**Exercise details**: From the records below, copy out exactly the lines from the one containing "Miss Elaine Women's" to the one containing "Nike Air Force", both included. Add nothing else.

───── Dataset ─────

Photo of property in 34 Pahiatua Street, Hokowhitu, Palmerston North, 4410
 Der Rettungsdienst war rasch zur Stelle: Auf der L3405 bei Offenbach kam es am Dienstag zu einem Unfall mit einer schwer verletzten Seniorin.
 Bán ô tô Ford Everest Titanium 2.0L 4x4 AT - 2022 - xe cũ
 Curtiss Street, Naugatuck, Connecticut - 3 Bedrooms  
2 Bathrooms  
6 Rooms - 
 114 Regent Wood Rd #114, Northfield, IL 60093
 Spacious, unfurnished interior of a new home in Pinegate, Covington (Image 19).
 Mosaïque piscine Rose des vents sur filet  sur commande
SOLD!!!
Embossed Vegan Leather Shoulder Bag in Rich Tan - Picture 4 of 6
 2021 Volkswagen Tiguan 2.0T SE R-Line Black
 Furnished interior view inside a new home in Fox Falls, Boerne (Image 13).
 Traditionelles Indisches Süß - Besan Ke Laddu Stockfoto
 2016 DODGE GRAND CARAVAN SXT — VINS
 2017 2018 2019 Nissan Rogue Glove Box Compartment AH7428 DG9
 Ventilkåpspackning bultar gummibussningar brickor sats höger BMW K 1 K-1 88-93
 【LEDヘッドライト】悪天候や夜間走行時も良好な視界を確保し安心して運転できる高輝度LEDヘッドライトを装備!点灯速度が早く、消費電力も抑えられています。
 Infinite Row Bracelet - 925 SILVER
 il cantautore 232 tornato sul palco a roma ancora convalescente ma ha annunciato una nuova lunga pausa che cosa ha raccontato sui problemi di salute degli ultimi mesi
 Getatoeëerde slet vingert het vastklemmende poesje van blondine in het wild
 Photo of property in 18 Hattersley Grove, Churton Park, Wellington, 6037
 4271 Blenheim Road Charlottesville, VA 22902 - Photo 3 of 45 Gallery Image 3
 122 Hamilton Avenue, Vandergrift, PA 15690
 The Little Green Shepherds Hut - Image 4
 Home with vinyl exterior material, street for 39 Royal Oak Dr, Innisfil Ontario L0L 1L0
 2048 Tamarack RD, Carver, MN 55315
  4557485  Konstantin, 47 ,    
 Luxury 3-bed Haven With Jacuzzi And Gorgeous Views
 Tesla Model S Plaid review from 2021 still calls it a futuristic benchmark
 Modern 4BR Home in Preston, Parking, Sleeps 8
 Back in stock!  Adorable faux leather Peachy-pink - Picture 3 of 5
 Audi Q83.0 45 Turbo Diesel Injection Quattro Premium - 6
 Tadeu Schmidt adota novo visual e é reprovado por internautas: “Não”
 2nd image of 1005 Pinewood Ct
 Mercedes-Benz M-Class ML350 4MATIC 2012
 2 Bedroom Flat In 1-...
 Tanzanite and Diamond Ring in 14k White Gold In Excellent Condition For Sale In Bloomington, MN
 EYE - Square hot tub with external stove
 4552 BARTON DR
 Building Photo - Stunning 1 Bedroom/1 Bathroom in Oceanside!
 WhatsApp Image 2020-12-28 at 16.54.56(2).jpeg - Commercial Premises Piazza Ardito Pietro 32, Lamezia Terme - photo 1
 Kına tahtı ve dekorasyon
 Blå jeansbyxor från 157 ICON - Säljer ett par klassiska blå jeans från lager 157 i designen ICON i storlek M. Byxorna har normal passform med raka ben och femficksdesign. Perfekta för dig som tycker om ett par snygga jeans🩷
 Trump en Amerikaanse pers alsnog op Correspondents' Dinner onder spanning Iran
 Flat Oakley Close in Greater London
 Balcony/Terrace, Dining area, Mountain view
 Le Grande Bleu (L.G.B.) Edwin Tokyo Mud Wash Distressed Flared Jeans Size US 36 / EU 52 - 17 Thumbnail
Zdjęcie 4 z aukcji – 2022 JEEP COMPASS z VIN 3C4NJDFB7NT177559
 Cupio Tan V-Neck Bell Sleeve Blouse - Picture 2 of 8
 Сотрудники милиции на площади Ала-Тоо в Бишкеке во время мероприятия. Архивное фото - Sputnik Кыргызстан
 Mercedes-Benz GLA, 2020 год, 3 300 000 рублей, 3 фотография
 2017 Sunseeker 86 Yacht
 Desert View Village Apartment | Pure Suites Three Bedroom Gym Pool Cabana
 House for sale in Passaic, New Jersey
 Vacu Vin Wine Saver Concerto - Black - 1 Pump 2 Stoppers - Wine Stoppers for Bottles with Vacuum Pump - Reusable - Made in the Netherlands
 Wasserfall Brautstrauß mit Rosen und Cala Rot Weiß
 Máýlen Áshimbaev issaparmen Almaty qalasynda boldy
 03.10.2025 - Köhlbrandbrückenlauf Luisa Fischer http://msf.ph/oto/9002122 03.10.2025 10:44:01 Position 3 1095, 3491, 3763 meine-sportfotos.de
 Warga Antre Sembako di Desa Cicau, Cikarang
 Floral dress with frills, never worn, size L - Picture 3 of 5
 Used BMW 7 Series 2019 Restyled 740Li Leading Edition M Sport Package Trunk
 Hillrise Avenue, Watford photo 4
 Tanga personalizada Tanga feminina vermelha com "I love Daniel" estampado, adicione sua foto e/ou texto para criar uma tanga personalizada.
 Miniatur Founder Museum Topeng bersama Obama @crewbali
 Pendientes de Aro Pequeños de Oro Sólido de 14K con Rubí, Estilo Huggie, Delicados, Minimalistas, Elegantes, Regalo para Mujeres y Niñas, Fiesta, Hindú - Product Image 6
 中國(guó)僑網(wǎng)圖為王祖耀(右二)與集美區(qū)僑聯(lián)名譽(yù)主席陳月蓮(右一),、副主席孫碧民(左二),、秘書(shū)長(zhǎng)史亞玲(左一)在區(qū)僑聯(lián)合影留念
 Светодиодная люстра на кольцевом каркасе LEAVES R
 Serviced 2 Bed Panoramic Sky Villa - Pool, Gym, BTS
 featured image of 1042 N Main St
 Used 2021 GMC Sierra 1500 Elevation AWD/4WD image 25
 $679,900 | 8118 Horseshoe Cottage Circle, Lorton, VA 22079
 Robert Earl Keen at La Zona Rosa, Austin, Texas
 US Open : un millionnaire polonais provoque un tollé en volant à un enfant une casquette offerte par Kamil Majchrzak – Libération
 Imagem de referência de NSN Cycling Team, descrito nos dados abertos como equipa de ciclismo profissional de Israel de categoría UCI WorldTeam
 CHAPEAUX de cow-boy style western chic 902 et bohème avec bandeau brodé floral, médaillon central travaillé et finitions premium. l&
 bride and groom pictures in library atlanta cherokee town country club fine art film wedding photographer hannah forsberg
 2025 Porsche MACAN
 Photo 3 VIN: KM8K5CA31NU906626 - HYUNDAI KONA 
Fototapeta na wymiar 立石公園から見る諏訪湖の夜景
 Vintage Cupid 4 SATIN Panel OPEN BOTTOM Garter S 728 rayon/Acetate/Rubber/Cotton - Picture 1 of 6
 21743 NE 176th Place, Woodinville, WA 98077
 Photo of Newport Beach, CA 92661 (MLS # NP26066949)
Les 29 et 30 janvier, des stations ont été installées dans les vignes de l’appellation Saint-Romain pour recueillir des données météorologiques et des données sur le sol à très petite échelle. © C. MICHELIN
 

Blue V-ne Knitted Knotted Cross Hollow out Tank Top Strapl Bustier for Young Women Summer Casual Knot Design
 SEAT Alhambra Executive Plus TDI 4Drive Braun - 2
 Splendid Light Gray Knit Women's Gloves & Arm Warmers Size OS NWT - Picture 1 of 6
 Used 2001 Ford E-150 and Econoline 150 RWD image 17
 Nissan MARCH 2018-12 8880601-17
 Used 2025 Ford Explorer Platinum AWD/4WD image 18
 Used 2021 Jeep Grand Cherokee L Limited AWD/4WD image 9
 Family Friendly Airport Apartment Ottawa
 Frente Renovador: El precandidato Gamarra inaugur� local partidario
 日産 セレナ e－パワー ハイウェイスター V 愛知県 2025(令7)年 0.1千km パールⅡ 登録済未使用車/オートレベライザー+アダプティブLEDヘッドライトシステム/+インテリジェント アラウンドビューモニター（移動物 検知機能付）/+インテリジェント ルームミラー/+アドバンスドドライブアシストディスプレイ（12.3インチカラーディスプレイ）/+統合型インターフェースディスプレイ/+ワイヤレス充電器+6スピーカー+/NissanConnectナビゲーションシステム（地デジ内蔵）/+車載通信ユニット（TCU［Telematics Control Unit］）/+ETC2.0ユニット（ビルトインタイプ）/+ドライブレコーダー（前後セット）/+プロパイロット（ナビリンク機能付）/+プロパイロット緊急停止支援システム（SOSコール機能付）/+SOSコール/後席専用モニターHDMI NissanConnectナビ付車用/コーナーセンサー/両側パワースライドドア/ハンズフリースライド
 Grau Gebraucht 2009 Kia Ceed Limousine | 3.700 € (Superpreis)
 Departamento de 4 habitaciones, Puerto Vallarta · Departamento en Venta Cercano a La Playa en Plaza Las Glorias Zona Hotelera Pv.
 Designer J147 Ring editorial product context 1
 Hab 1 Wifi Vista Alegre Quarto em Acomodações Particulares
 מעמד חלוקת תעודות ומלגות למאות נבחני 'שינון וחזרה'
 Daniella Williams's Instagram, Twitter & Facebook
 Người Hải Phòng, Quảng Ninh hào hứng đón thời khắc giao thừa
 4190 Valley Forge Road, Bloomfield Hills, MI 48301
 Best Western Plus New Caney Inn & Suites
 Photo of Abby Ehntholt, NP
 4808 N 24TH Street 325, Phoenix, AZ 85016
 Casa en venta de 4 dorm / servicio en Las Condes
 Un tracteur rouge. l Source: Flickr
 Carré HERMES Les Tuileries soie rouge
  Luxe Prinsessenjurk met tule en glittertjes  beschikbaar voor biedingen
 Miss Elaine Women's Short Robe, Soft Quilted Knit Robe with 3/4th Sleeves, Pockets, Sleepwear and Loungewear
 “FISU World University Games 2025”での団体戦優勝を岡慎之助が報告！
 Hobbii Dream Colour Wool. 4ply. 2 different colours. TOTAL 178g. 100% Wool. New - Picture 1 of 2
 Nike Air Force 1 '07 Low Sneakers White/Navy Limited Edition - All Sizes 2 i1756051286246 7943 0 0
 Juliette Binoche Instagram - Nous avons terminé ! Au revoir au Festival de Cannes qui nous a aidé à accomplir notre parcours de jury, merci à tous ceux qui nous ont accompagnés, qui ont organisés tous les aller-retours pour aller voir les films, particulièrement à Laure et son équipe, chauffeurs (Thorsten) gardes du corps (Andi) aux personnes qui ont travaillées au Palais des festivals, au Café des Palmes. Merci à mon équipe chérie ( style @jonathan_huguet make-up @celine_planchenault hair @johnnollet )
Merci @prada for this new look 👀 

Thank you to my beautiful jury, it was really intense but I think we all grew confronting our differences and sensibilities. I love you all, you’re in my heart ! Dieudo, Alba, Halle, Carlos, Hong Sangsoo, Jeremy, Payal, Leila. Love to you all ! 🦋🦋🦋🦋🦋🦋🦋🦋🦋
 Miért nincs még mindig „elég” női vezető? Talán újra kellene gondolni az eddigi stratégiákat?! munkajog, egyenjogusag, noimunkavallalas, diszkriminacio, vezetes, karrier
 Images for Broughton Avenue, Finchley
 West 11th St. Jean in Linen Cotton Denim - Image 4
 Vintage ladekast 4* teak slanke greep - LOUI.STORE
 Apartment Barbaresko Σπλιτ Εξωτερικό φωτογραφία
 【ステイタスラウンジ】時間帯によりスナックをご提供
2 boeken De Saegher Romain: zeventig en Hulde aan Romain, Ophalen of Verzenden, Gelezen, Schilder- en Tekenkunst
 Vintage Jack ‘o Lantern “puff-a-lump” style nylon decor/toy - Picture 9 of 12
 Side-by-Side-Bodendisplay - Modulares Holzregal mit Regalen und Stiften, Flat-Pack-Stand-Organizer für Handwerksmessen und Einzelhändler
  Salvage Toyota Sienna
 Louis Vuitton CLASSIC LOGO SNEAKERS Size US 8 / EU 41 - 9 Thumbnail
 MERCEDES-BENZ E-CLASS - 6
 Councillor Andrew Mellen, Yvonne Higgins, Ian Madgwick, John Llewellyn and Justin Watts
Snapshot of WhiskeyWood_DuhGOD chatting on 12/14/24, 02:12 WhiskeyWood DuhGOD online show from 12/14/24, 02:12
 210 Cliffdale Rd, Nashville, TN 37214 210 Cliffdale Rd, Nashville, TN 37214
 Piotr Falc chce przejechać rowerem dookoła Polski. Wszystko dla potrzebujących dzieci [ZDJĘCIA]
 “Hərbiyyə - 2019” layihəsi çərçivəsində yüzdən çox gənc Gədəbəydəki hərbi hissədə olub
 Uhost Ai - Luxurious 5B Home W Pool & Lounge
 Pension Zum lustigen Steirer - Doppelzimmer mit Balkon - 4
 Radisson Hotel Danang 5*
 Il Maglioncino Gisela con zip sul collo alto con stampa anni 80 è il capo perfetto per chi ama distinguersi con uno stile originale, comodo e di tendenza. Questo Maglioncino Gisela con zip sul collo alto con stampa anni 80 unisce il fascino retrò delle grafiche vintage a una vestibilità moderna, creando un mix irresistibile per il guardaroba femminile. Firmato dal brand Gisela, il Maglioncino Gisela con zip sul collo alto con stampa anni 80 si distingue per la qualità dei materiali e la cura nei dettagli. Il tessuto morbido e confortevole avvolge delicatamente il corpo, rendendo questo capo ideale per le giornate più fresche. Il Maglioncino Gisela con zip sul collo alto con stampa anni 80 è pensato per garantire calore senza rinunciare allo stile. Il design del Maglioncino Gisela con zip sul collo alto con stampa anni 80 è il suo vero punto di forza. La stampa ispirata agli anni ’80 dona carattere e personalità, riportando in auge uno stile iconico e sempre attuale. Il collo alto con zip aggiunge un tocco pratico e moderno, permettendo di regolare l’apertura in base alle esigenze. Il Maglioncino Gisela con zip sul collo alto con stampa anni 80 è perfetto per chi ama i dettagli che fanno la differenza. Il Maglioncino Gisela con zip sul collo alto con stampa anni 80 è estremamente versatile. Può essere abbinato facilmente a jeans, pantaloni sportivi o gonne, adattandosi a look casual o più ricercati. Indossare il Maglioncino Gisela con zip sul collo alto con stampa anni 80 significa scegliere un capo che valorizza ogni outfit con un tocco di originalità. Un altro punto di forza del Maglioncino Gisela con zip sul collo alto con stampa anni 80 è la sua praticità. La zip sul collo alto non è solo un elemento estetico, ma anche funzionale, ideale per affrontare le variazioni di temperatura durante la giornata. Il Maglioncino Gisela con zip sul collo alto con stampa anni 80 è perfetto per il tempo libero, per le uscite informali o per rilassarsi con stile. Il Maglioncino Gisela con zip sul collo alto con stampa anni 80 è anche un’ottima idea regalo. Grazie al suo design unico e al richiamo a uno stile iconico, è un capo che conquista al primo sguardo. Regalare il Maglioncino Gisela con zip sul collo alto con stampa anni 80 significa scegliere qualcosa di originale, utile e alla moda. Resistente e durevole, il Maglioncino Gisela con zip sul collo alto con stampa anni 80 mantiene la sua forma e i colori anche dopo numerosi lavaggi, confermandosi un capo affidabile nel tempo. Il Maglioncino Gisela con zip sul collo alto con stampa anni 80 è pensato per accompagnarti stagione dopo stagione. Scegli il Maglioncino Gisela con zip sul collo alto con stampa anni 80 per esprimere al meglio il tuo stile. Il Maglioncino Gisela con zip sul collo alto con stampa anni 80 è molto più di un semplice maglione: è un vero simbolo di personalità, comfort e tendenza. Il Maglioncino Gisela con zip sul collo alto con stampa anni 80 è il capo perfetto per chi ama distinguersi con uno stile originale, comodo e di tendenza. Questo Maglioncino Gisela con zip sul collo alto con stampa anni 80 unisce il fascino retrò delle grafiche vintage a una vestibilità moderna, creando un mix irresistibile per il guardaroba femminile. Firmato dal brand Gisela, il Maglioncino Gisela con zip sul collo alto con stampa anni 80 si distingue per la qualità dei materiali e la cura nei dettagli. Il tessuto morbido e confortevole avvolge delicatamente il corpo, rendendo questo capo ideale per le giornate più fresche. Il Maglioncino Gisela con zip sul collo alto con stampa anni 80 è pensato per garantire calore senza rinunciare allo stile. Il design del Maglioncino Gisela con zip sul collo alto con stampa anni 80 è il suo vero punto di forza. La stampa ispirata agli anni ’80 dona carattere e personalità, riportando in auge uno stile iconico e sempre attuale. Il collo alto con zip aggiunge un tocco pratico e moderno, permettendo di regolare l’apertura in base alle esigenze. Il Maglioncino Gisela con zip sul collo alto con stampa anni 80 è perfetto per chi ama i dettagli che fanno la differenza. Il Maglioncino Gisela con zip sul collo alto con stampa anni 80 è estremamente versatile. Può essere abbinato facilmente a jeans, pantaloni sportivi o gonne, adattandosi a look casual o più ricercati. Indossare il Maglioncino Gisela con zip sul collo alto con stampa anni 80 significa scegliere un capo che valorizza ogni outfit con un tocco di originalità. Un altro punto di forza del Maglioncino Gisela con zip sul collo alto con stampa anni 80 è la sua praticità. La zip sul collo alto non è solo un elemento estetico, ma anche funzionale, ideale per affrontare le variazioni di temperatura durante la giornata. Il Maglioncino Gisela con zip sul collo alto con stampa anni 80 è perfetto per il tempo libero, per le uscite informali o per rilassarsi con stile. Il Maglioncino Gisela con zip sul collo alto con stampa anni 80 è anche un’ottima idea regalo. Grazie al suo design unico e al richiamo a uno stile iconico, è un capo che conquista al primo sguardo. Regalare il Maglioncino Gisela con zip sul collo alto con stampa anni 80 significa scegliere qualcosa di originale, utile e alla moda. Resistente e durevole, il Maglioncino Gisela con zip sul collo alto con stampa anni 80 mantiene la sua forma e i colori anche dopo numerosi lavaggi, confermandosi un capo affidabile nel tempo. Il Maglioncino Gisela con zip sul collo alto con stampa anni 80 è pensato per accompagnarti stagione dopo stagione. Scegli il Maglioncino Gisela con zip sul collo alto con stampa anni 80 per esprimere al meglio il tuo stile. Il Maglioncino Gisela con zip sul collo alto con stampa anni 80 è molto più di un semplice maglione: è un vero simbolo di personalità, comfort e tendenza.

─────

**Task result**:
 Miss Elaine Women's Short Robe, Soft Quilted Knit Robe with 3/4th Sleeves, Pockets, Sleepwear and Loungewear
 “FISU World University Games 2025”での団体戦優勝を岡慎之助が報告！
 Hobbii Dream Colour Wool. 4ply. 2 different colours. TOTAL 178g. 100% Wool. New - Picture 1 of 2
 Nike Air Force 1 '07 Low Sneakers White/Navy Limited Edition - All Sizes 2 i1756051286246 7943 0 0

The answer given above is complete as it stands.